In industrial manufacturing, adhesives are playing an increasingly important role in the production of many different kinds of products. They offer a number of advantages that conventional joining techniques cannot match. Compared with traditional assembly methods, adhesive bonds are superior in the presence of dynamic stress, thanks above all to their flexible nature. Rivets or bolts can only transmit forces over a very localized area (point loads), whereas in an adhesive bond, the stress distribution or force transmission is spread over the entire area of the bond. In addition, the parts to be bonded are not weakened by the drilling of holes.

The low heat build-up is another key criterion when joining parts that already have their final surface finish, for example chrome-plated steel. As non-conducting materials, cured adhesives also have an insulating effect, thus preventing contact corrosion. The substrates involved and the demands made on the final construction are deciding factors when selecting the adhesive to be used. Depending on the field of application, various adhesive technologies with specific product properties are available for structural bonding.

The most widespread class of adhesives used for structural bonding are the epoxies. They are found in automotive and aircraft manufacturing as well as in the building and construction industry. Their big advantage is that they can bond both metals and plastics. Moreover, they are extremely durable, show a low tendency to creep, and only minimal shrinkage on curing. Depending on the type, they can withstand continuous exposure to temperatures ranging up to 100 – 200 degrees Celsius. A further advantage is their very good chemical resistance, although they are generally rigid.

Epoxy adhesives offer a broad potlife range of five minutes up to two hours. A long potlife can be an advantage when the parts to be joined require some time to maneuver or when they have to be repositioned after they have been assembled.

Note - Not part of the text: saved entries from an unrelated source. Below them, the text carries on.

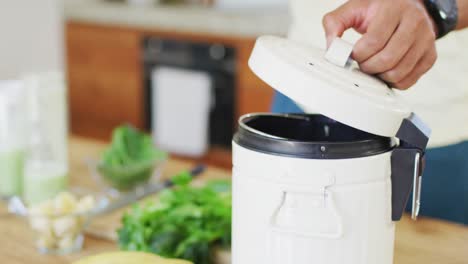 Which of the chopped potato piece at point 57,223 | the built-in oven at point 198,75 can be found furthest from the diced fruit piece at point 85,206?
the built-in oven at point 198,75

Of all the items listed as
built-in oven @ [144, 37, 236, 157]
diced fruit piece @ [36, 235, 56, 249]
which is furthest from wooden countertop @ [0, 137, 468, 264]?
built-in oven @ [144, 37, 236, 157]

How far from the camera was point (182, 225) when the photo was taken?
3.07ft

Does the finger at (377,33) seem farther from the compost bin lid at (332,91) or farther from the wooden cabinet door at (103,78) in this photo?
the wooden cabinet door at (103,78)

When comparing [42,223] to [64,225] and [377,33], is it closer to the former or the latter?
[64,225]

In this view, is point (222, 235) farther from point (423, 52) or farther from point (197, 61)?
point (197, 61)

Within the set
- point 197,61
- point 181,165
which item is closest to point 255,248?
point 181,165

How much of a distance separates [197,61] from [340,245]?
8.51 ft

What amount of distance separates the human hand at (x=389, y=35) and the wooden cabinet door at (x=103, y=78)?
2.67 metres

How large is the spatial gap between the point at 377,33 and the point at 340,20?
0.06 m

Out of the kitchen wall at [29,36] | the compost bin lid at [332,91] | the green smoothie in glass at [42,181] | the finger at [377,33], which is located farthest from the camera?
the kitchen wall at [29,36]

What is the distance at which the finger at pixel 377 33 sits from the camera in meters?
0.75

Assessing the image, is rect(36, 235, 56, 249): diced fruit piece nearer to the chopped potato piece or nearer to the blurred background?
the chopped potato piece

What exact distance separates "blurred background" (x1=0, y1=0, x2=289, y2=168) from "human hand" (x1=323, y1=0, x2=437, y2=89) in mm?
2059

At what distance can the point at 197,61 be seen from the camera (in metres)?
3.19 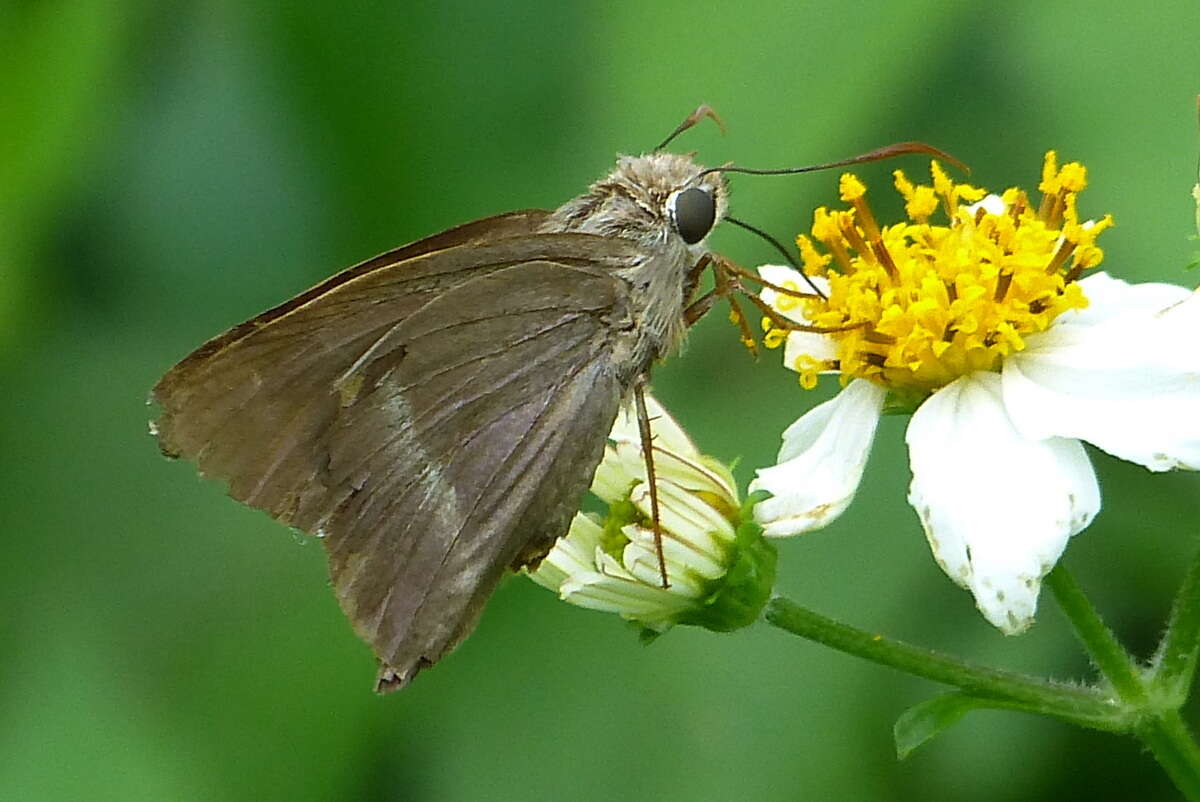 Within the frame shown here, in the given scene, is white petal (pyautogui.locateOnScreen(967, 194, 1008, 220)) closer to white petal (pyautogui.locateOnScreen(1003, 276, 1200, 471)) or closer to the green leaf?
white petal (pyautogui.locateOnScreen(1003, 276, 1200, 471))

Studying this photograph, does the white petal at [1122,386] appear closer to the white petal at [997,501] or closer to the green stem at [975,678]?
the white petal at [997,501]

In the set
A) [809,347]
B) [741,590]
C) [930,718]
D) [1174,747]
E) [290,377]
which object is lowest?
[1174,747]

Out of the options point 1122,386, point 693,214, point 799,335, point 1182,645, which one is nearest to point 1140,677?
point 1182,645

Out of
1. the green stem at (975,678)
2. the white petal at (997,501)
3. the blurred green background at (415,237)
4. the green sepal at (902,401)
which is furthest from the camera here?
the blurred green background at (415,237)

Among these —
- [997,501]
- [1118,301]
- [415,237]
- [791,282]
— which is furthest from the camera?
[415,237]

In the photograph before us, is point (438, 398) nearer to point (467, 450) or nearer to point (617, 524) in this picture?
point (467, 450)

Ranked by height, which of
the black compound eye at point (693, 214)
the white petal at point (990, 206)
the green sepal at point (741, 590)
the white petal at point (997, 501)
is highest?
the black compound eye at point (693, 214)

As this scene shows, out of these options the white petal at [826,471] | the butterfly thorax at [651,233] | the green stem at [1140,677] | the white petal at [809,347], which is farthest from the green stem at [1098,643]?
the butterfly thorax at [651,233]

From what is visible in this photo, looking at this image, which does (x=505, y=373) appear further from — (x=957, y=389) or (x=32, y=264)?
(x=32, y=264) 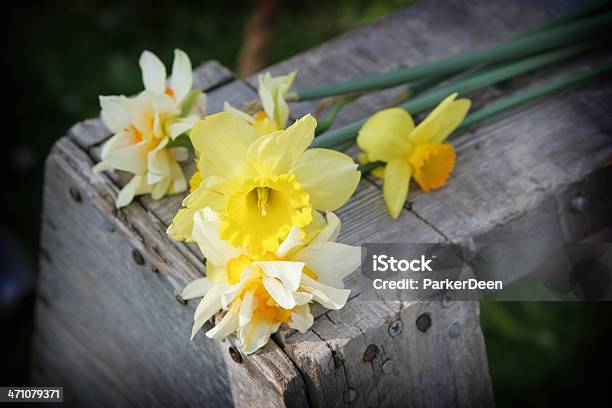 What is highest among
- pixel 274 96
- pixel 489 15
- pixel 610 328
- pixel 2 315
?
pixel 274 96

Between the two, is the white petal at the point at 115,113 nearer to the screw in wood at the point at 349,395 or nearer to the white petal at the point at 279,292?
the white petal at the point at 279,292

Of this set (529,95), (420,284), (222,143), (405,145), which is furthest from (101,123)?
(529,95)

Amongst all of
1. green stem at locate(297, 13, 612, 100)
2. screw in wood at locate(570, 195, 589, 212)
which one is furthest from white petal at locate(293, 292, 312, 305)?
screw in wood at locate(570, 195, 589, 212)

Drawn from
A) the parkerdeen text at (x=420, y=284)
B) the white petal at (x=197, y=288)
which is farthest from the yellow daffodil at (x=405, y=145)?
the white petal at (x=197, y=288)

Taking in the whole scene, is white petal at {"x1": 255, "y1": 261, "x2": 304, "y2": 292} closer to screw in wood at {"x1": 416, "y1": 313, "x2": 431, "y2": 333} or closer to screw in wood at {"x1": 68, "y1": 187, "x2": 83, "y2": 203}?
screw in wood at {"x1": 416, "y1": 313, "x2": 431, "y2": 333}

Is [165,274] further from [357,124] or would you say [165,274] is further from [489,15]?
[489,15]

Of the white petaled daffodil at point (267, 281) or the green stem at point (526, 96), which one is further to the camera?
the green stem at point (526, 96)

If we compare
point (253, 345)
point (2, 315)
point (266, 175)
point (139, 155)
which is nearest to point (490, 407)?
point (253, 345) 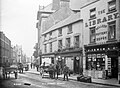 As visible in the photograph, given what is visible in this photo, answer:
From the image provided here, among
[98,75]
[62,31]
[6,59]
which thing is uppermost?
[62,31]

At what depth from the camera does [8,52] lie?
268cm

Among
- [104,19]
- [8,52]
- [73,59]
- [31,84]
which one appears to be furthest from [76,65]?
[8,52]

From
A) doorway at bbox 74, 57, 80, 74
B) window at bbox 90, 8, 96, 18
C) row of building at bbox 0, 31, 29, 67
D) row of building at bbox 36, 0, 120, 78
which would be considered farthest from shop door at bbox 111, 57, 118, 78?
row of building at bbox 0, 31, 29, 67

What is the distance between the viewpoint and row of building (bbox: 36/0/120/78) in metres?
8.28

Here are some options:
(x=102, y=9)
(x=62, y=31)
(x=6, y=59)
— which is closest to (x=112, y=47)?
(x=102, y=9)

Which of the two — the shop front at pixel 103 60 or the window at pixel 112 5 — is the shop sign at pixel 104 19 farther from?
the shop front at pixel 103 60

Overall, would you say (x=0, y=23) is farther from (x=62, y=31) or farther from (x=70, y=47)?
(x=62, y=31)

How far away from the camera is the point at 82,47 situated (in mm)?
11406

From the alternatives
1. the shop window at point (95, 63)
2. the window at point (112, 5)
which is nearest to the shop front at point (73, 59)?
the shop window at point (95, 63)

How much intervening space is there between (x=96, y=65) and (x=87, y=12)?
2.65 metres

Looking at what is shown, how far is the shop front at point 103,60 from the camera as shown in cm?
869

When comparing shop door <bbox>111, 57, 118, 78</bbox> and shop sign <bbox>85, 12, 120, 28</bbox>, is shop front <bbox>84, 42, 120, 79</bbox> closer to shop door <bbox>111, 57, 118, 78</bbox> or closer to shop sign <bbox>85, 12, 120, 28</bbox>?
shop door <bbox>111, 57, 118, 78</bbox>

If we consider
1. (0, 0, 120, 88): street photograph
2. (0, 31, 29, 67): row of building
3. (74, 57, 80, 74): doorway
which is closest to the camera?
(0, 31, 29, 67): row of building

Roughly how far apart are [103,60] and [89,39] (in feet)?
4.65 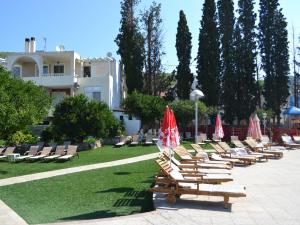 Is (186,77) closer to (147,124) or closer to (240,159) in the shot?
(147,124)

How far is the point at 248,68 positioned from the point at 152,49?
11186mm

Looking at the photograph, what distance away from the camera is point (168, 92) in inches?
1960

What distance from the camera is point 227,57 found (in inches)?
1882

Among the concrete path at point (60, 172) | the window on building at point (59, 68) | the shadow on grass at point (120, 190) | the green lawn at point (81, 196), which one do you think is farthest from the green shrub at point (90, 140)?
the shadow on grass at point (120, 190)

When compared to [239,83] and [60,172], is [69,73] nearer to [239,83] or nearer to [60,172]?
[239,83]

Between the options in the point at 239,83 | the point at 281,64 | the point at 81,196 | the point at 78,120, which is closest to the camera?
the point at 81,196

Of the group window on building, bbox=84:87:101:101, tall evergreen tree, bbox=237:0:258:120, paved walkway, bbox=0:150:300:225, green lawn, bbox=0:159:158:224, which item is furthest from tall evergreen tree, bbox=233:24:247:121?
paved walkway, bbox=0:150:300:225

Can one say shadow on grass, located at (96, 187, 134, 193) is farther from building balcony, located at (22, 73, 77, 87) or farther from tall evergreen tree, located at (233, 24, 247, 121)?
tall evergreen tree, located at (233, 24, 247, 121)

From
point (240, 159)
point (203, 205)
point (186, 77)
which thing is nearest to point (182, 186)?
point (203, 205)

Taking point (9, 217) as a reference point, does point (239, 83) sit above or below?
above

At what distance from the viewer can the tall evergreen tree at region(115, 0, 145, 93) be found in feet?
151

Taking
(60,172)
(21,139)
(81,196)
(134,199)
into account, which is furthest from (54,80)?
(134,199)

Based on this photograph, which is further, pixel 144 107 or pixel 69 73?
pixel 69 73

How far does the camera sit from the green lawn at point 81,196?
9.78m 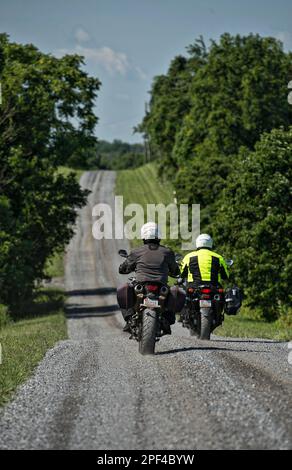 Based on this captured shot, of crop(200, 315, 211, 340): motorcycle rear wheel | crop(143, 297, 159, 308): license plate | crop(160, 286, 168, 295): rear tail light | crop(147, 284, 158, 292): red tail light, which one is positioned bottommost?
crop(200, 315, 211, 340): motorcycle rear wheel

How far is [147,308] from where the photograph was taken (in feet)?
48.7

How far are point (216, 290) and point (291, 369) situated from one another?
6266mm

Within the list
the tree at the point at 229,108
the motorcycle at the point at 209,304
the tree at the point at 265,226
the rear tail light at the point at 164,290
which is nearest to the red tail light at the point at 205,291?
the motorcycle at the point at 209,304

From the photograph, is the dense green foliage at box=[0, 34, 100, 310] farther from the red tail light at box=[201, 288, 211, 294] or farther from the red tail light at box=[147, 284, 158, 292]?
the red tail light at box=[147, 284, 158, 292]

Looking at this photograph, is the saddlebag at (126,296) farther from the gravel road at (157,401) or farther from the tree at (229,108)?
the tree at (229,108)

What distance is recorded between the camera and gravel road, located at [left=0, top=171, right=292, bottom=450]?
780 cm

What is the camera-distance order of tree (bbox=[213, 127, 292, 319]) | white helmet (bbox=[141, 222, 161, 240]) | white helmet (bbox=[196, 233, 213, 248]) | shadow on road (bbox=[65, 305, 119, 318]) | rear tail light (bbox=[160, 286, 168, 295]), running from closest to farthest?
rear tail light (bbox=[160, 286, 168, 295]) < white helmet (bbox=[141, 222, 161, 240]) < white helmet (bbox=[196, 233, 213, 248]) < tree (bbox=[213, 127, 292, 319]) < shadow on road (bbox=[65, 305, 119, 318])

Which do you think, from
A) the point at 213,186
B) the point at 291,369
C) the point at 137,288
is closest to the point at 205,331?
the point at 137,288

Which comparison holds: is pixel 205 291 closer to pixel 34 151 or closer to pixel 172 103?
pixel 34 151

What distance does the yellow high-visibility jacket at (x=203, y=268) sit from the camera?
18516 millimetres

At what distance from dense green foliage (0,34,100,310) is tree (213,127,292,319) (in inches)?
379

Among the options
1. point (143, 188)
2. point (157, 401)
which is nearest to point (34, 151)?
point (157, 401)

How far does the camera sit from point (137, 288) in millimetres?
15047

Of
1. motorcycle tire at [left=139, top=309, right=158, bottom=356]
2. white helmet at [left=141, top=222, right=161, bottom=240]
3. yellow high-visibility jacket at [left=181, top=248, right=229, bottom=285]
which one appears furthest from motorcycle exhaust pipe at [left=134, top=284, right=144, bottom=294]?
yellow high-visibility jacket at [left=181, top=248, right=229, bottom=285] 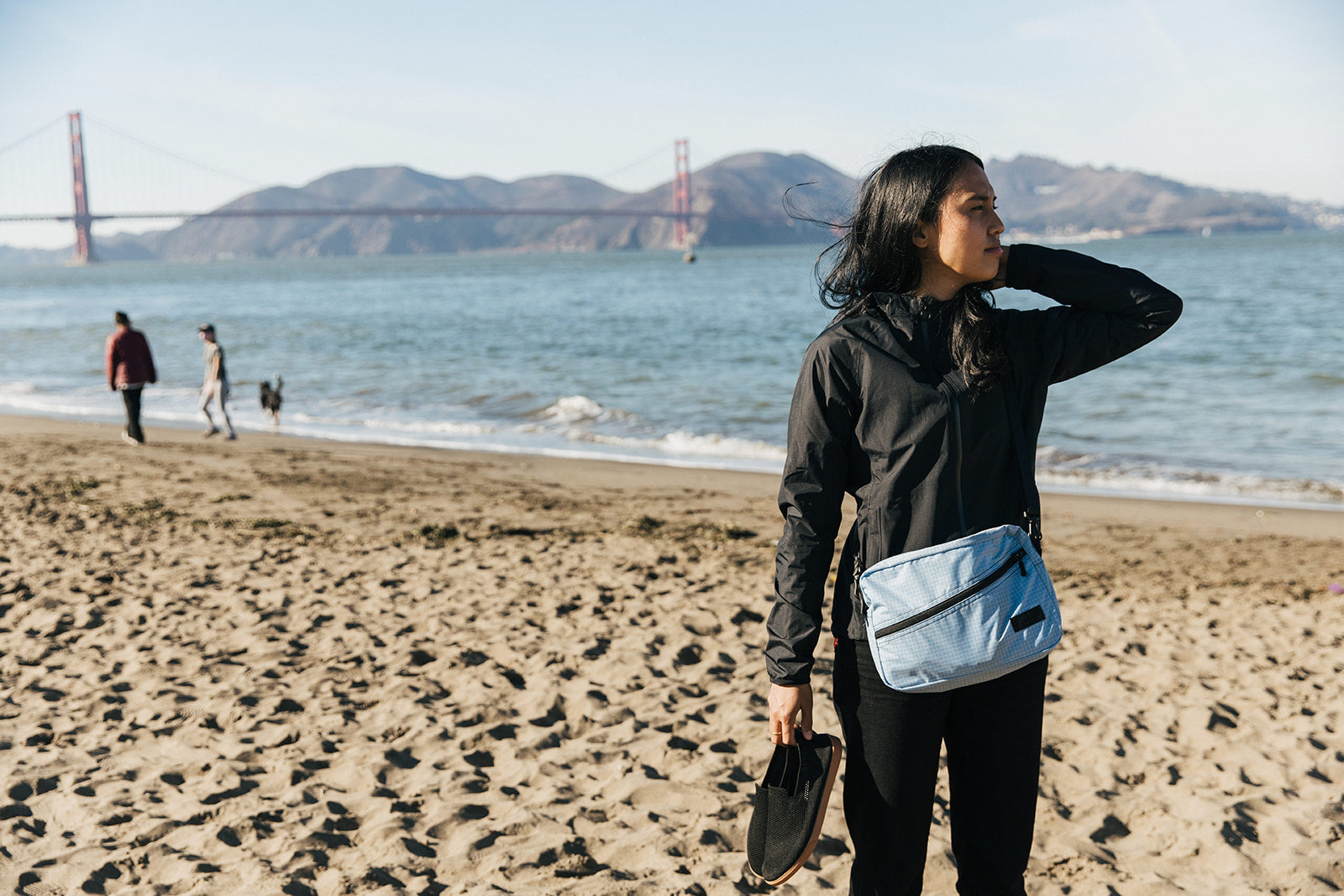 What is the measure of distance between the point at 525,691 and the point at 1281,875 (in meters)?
2.48

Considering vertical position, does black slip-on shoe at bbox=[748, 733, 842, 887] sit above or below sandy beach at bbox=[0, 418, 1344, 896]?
above

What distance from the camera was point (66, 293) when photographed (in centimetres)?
6047

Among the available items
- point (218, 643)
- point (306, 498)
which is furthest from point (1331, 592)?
point (306, 498)

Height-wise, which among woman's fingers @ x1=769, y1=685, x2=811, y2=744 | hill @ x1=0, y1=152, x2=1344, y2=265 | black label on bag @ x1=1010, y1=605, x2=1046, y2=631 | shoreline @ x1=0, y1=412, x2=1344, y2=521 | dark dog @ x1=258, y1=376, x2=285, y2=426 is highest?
hill @ x1=0, y1=152, x2=1344, y2=265

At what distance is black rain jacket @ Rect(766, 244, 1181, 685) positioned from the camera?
5.05 ft

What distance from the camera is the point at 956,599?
4.99 feet

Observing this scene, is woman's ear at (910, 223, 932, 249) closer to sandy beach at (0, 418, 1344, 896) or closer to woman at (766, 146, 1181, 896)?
woman at (766, 146, 1181, 896)

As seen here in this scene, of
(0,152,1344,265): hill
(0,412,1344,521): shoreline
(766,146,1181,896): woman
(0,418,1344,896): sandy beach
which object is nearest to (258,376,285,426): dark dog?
(0,412,1344,521): shoreline

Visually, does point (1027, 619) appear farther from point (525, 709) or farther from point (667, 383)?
point (667, 383)

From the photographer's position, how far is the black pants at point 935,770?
1606mm

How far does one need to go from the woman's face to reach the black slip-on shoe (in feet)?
2.64

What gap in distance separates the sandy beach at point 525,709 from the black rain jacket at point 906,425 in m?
1.32

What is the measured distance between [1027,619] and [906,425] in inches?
14.1

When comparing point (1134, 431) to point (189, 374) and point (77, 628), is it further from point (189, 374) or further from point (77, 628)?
point (189, 374) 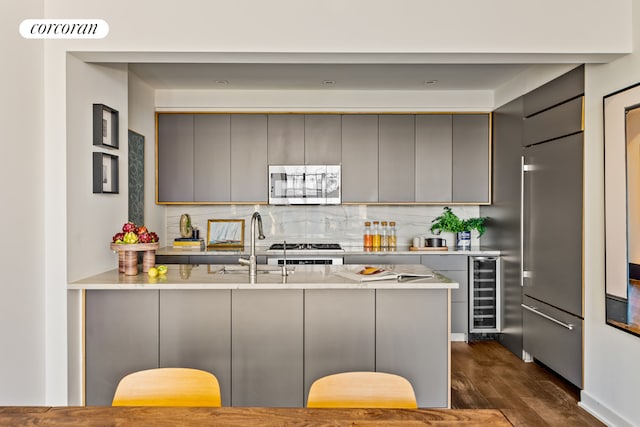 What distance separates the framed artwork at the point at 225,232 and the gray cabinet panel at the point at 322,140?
106cm

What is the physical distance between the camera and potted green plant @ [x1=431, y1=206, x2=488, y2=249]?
5156 millimetres

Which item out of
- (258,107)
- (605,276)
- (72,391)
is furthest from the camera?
(258,107)

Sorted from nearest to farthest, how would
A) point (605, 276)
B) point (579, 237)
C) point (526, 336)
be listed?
point (605, 276) → point (579, 237) → point (526, 336)

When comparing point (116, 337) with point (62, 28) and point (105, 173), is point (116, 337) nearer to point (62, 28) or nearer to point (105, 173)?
point (105, 173)

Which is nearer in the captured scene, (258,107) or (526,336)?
(526,336)

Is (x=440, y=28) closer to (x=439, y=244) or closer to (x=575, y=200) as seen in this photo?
(x=575, y=200)

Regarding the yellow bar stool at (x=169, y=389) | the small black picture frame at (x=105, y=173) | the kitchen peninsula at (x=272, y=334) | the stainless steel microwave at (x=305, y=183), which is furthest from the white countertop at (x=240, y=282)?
the stainless steel microwave at (x=305, y=183)

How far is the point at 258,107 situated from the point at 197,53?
2.16 meters

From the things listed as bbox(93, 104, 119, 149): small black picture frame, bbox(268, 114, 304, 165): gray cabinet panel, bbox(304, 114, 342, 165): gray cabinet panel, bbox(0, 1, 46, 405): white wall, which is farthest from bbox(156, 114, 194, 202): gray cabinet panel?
bbox(0, 1, 46, 405): white wall

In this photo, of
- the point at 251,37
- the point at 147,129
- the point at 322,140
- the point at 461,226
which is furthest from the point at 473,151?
the point at 147,129

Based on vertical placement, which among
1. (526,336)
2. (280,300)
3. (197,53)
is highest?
(197,53)

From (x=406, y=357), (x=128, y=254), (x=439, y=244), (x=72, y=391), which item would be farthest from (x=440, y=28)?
(x=72, y=391)

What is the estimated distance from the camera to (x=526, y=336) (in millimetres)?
4180

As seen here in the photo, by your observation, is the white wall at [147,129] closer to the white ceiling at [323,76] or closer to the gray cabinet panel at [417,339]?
the white ceiling at [323,76] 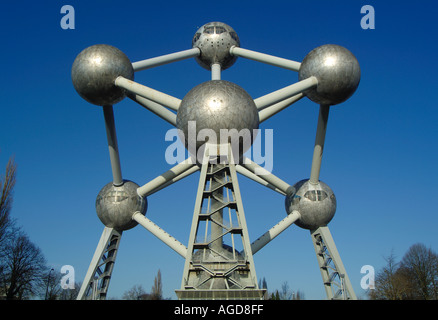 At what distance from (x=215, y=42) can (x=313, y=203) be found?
1069 cm

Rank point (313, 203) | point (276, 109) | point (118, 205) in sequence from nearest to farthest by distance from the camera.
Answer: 1. point (276, 109)
2. point (118, 205)
3. point (313, 203)

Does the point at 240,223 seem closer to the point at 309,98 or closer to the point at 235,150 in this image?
the point at 235,150

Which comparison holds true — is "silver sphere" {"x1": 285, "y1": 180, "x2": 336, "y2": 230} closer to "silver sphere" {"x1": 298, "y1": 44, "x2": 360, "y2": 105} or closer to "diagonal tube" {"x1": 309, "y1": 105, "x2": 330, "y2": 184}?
"diagonal tube" {"x1": 309, "y1": 105, "x2": 330, "y2": 184}

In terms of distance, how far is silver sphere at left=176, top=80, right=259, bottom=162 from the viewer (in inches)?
596

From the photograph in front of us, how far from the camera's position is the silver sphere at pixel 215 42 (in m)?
24.7

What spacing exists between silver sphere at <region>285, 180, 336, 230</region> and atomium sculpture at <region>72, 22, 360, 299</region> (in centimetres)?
5

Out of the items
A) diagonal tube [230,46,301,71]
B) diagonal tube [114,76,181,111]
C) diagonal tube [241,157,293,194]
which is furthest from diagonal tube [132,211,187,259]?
diagonal tube [230,46,301,71]

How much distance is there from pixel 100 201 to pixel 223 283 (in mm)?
10348

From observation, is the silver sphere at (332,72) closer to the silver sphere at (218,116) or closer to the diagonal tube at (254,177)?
the silver sphere at (218,116)

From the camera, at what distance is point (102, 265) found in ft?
75.6

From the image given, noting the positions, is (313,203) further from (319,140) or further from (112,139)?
(112,139)

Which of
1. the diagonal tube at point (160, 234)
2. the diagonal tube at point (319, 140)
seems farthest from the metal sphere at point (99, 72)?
the diagonal tube at point (319, 140)

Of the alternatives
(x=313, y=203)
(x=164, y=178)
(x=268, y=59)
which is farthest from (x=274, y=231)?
(x=268, y=59) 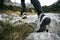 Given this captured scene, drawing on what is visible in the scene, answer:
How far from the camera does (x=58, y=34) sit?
4.54 meters

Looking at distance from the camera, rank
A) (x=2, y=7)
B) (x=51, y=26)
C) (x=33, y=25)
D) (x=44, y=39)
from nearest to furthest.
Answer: (x=44, y=39) → (x=51, y=26) → (x=33, y=25) → (x=2, y=7)

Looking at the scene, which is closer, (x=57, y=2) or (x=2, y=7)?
(x=2, y=7)

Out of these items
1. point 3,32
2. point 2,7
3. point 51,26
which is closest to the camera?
point 3,32

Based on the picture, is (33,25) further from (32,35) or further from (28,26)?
(32,35)

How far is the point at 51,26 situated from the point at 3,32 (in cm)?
111

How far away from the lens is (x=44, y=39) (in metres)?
4.06

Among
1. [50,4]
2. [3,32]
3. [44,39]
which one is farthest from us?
[50,4]

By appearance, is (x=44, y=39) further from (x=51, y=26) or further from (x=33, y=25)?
(x=33, y=25)

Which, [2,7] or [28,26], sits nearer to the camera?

Epoxies are available as one-part or two-part systems. In one-part systems, the resin and hardener components are already mixed in the correct ratio during production and only begin to react with each other when exposed to heat. Two-part systems consist of separate resin and hardener components which are only mixed directly before application. When using two-part systems, it should be remembered that the chemical curing reaction begins immediately after mixing.

Polyurethane adhesives are also available as one-part or two-part systems. They come in a large variety of viscosities, with a broad range of cure times and different specifications regarding chemical resistance. The degree of crosslinking and hence the final bond strength is determined by the combination of raw materials contained in each of these adhesive systems.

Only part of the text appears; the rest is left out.